Tom Reynolds was reflecting on the death of Conservative Party icon Billy Delmont last week when he underscored a key element of New York's unique political system. The former Republican congressman from Clarence recalled that his colleagues from around the nation were eternally mystified by New York's "fusion" voting system that allows Republicans or Democrats to run on a minor-party line without being an official member.
"They would always ask: 'Can you explain how these minor lines work?' " Reynolds said. "They could never quite grasp how a Conservative Party could be a party unto itself and not just a conservative movement."
Indeed, only a handful of states around the country tolerate fusion voting. Just about everywhere else, a candidate must belong to the party to run on its line.
So it is no wonder that Delmont's death at age 81 causes the local political world to take stock of the Conservative Party, as it trudges on without the most influential figure of its 50-year local history. The Conservative Party still has a few things going for it:
* It occupies the crucial third line on the ballot, providing an option for voters averse to marking the Democrat or Republican box.
* It exerts influence beyond its tiny membership of about 12,000 in Erie County, compared to almost 300,000 Democrats and about 160,000 Republicans.
* The Erie County organization retains the strong leadership of Chairman Ralph Lorigo, who has run the party with Delmont for the past 17 years.
* Conservatives are also in good shape until the next gubernatorial election in 2014, thanks to Republican candidate Carl Paladino in 2010. Most observers believe that if Lorigo hadn't masterfully manipulated election law to insert Paladino onto its line, the party could have folded by failing to attract the required 50,000 votes to remain a statewide party.

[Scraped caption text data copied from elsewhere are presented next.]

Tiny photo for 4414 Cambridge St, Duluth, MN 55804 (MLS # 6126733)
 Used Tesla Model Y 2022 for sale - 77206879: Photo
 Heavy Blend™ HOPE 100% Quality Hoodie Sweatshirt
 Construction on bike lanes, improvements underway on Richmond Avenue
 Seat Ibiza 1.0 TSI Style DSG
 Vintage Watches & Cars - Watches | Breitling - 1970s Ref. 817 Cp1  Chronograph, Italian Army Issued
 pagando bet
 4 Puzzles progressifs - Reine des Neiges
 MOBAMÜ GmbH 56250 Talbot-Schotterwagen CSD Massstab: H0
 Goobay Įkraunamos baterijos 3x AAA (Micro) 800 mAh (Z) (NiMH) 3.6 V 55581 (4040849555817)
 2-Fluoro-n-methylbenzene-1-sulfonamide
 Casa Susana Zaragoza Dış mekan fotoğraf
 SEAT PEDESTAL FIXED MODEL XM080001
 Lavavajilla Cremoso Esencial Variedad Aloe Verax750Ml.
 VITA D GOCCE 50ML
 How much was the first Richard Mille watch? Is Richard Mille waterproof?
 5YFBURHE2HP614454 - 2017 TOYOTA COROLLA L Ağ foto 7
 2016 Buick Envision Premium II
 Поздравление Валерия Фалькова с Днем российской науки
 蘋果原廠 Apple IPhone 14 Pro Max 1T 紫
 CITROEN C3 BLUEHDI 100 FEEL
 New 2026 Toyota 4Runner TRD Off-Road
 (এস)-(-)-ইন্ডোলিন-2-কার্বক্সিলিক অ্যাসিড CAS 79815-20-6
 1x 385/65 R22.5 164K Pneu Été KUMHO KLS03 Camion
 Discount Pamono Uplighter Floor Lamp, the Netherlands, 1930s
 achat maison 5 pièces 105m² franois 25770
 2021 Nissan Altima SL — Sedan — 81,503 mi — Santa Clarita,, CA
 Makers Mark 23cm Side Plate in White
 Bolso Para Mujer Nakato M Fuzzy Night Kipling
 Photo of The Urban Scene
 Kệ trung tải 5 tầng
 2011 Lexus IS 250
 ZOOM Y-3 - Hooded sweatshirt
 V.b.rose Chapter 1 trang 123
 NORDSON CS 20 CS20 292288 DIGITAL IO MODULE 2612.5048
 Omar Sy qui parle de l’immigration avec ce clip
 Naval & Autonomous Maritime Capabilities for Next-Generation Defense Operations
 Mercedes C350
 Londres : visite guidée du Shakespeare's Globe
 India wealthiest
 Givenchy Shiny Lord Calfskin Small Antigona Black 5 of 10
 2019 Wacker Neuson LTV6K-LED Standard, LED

Still, the party is under pressure these days from various sources. Republican State Sen. George Maziarz of Newfane remains infuriated over the failure of Lorigo and Delmont to back Republican Mark Grisanti of Buffalo for re-election to the Senate. So does former County Executive Joel Giambra, another major Grisanti backer. They contend that the fragile Republican majority in the Senate could be threatened by the Conservative backing of Democrat Chuck Swanick.
Lorigo's anointing of Swanick demonstrates that the Conservatives are not always an extension of the GOP. But Delmont's absence may now dilute the sympathy he traditionally showed for Democrats like former County Executive Dennis Gorski, Mayor Byron Brown or Rep. Brian Higgins.
"Any time a person with Billy's proficiency in politics is gone from the scene, there will be an impact," one top Democrat said last week. "And it was no secret that Billy was more Democratic and Ralph more Republican."
Some speculate that Ray Gallagher, the former state senator and Niagara Frontier Transportation Authority chairman who switched from the Democrats to the Conservatives a few years ago, may fill some of the vacuum left by his old pal Delmont.
Lorigo, meanwhile, has shown he can take the heat. He periodically scraps with state Chairman Mike Long just for the heck of it, and has launched his own political counterattack against Maziarz.
His backing of Paladino in 2010 gives the party its strongest statewide position in years, and he's not about to relinquish the powers that New York's quirky laws give the Conservatives.
"There is no way to affect us from the outside," he said last week. "And there is no question that we will be much stronger, even from those outsiders who think they can come in and change things. That's never going to happen."